» **Task goal**: Set down a word-for-word copy of the data below, limited to the lines from the first through the line with "una grande stanza con tavoli e sedie".

» **Given records**:
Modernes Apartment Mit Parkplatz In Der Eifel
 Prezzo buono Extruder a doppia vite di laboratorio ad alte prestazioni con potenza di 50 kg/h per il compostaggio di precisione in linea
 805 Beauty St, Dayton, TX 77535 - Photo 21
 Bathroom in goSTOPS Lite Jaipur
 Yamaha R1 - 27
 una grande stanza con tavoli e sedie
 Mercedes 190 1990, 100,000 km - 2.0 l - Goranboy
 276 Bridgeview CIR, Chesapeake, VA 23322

» **Result for this exercise**:
Modernes Apartment Mit Parkplatz In Der Eifel
 Prezzo buono Extruder a doppia vite di laboratorio ad alte prestazioni con potenza di 50 kg/h per il compostaggio di precisione in linea
 805 Beauty St, Dayton, TX 77535 - Photo 21
 Bathroom in goSTOPS Lite Jaipur
 Yamaha R1 - 27
 una grande stanza con tavoli e sedie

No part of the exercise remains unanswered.